**THE PROBLEM**
Below are some records. Set down exactly the line holding "جهاز ماك بوك" and every later line through the end, omitting the pictures.

**THE DATA**
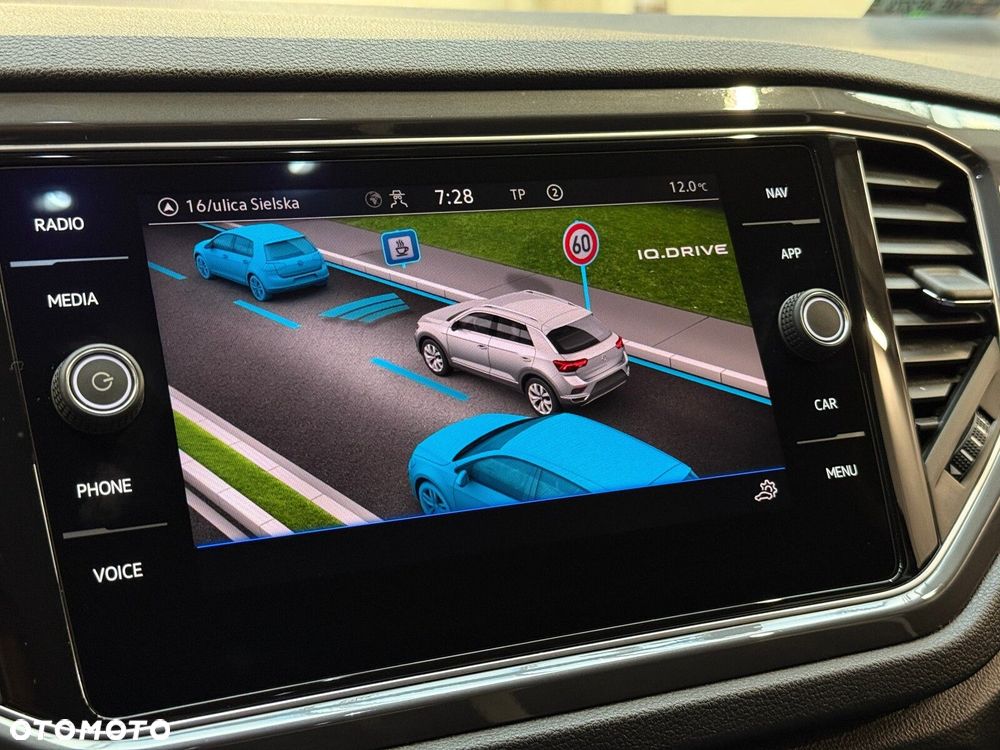 Volkswagen T-Roc 1.5 TSI ACT Premium DSG - 40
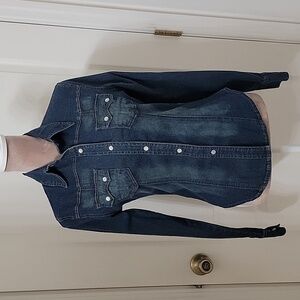 Charlotte Russe Size M Pearl Snap Western Style Long Sleeve Denim Shirt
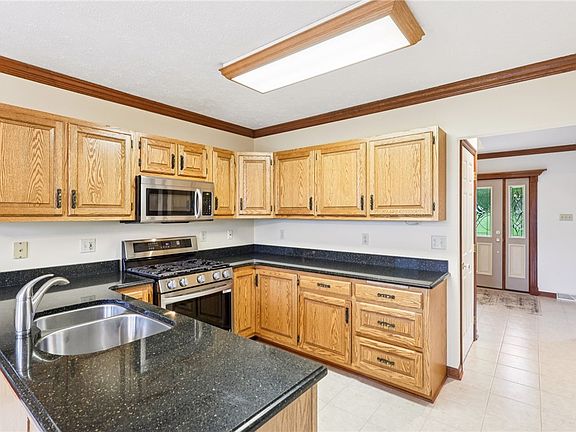 4th image of 1386 Royal Oak Dr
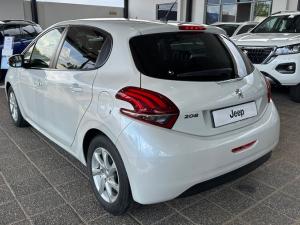 Peugeot 208 1.2 Active - Image 8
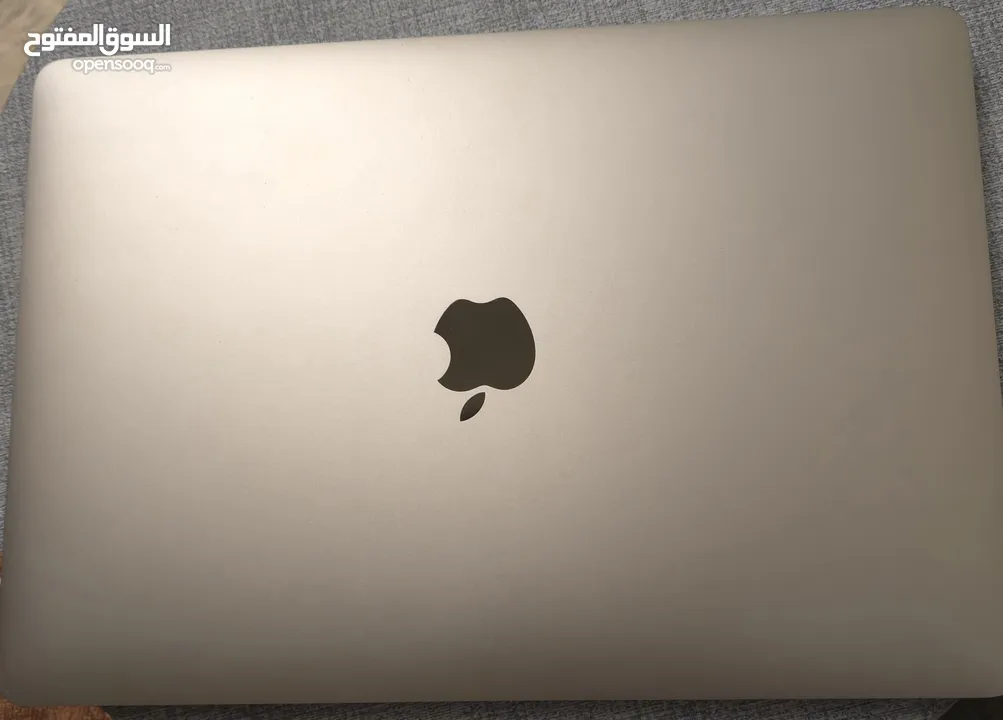 جهاز ماك بوك -Macbook Air 2020 13inch   بحالة ممتازة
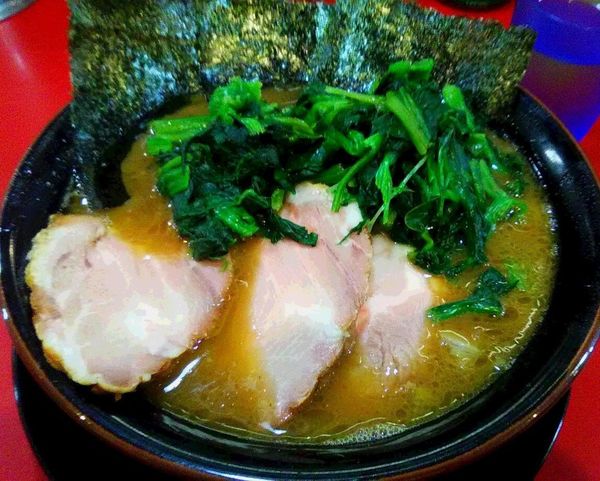 「中盛ラーメン　チャーシュー2枚　ほうれん草」@家系ラーメン とらきち家の写真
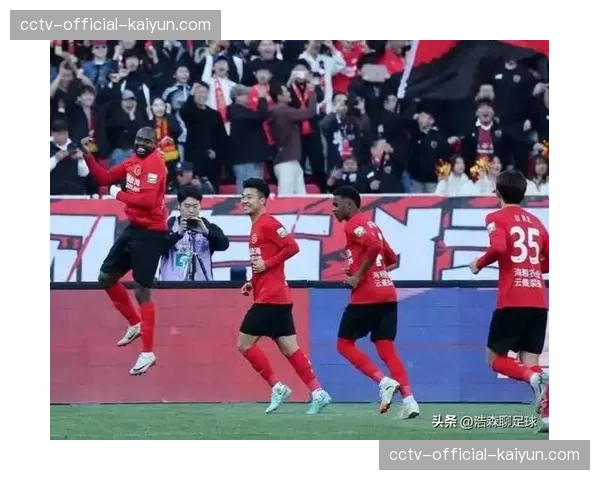 青岛西海岸1-1战平辽宁铁人，主场未能全取三分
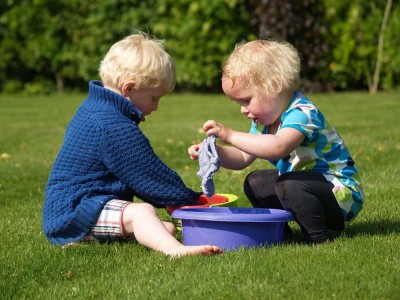 Helle, familienfreundliche 4,5 Zi-Wg., neu modernisiert, mit eigenem Garten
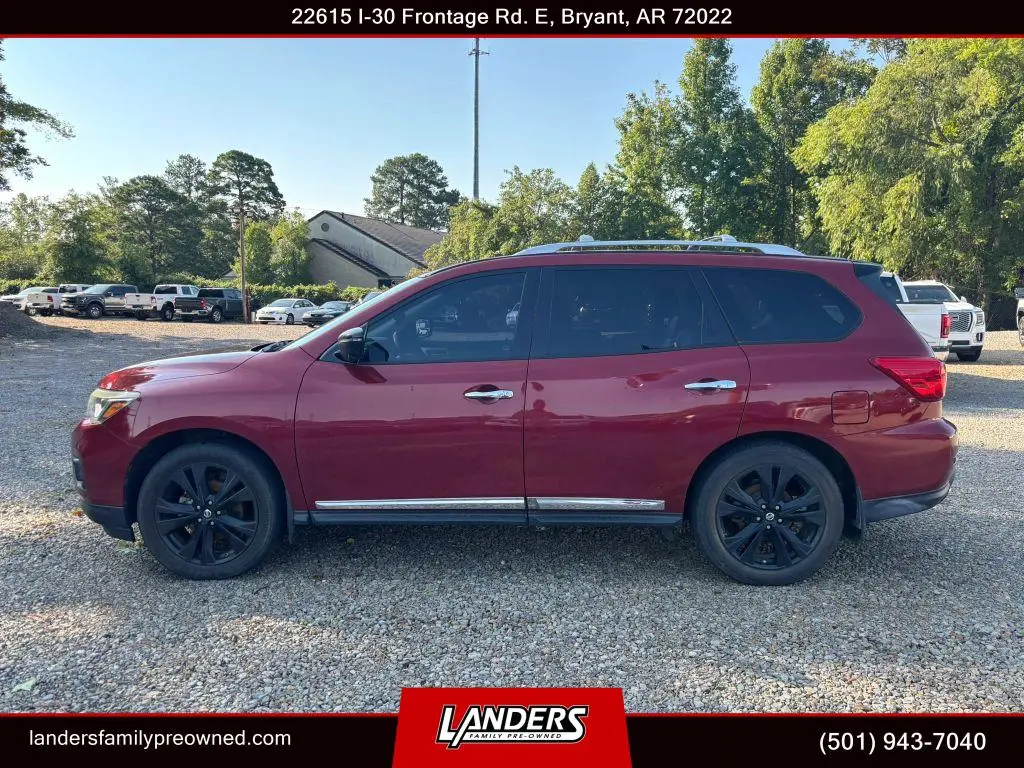 2017 Nissan Pathfinder Platinum
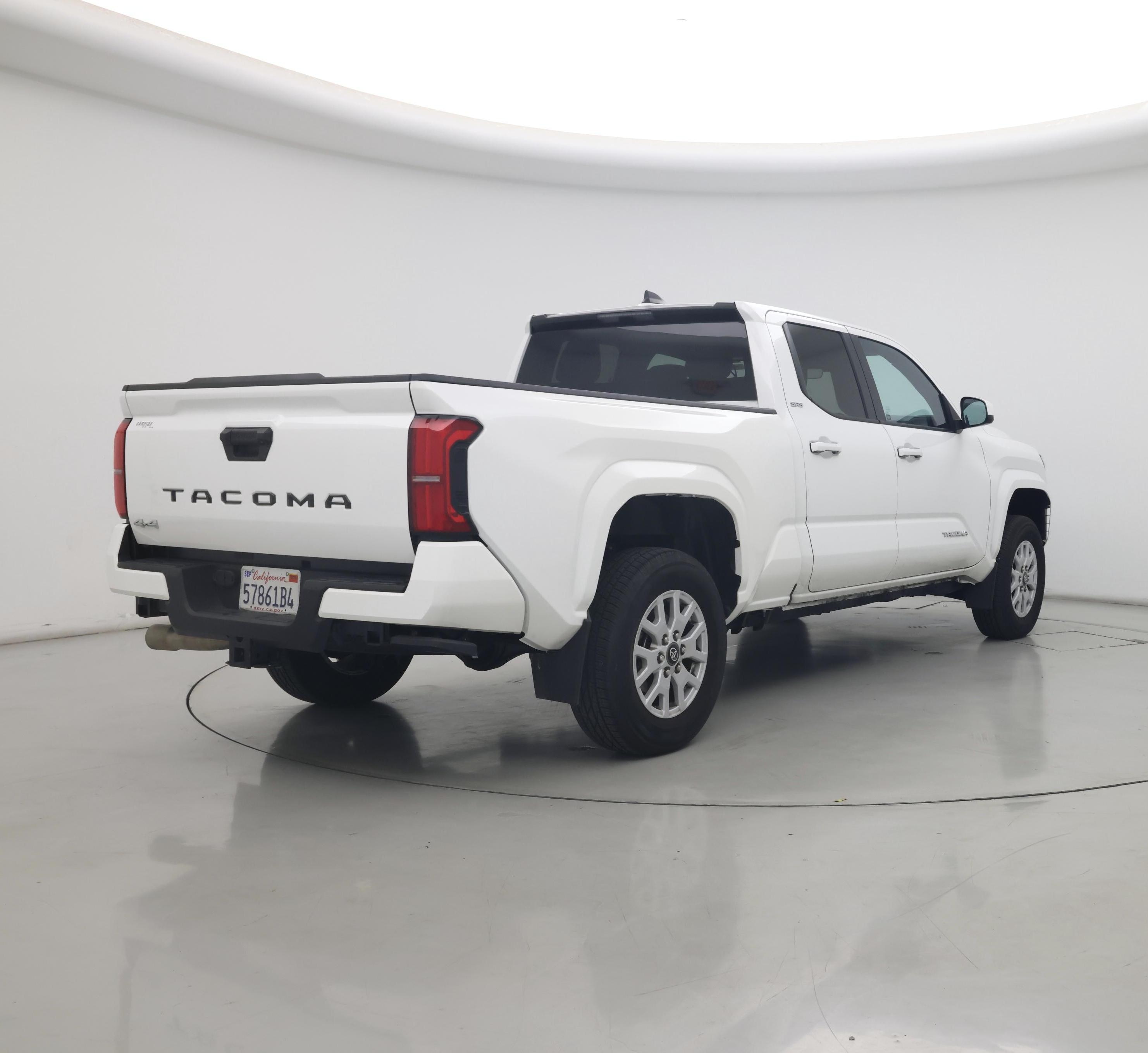 Thumbnail: 2024 Toyota Tacoma - 8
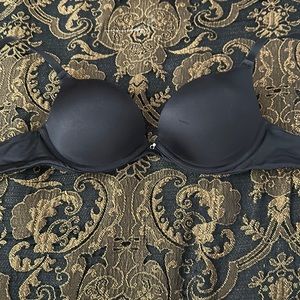 Frederick’s of Hollywood 32A black push-up bra. Used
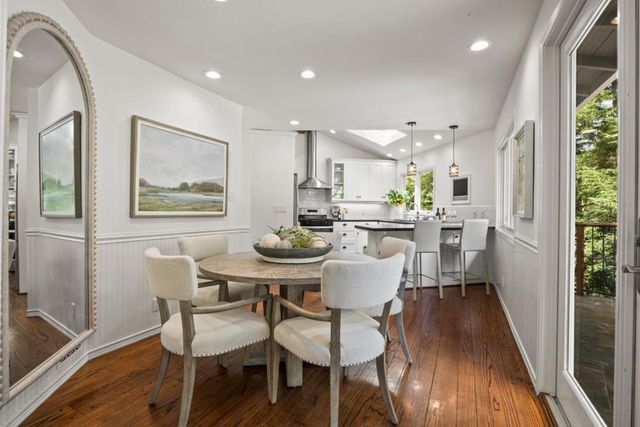 25 Woodhue Court, Redwood City, CA 94062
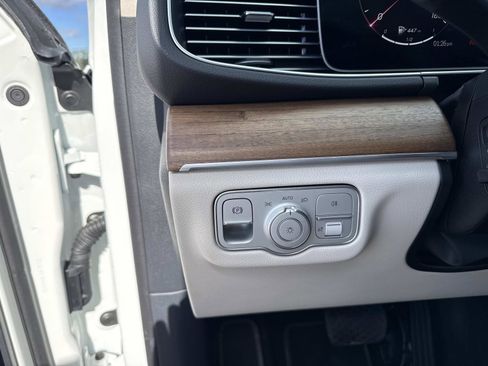 Used 2025 Mercedes-Benz GLE 350 4MATIC image 33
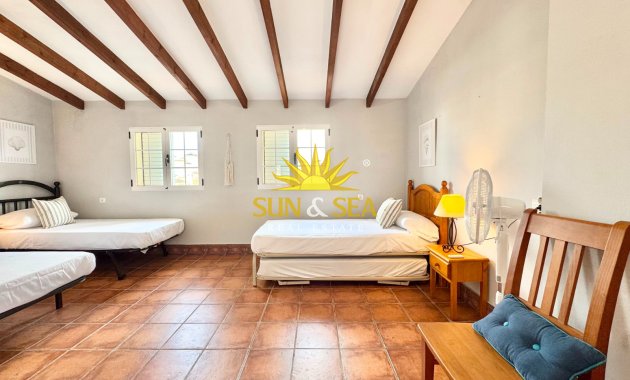 Alquiler a largo plazo - Triplex - Torrevieja - torrevieja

**THE COMPLETED TASK**
 جهاز ماك بوك -Macbook Air 2020 13inch   بحالة ممتازة
 「中盛ラーメン　チャーシュー2枚　ほうれん草」@家系ラーメン とらきち家の写真
 青岛西海岸1-1战平辽宁铁人，主场未能全取三分
 Helle, familienfreundliche 4,5 Zi-Wg., neu modernisiert, mit eigenem Garten
 2017 Nissan Pathfinder Platinum
 Thumbnail: 2024 Toyota Tacoma - 8
 Frederick’s of Hollywood 32A black push-up bra. Used
 25 Woodhue Court, Redwood City, CA 94062
 Used 2025 Mercedes-Benz GLE 350 4MATIC image 33
 Alquiler a largo plazo - Triplex - Torrevieja - torrevieja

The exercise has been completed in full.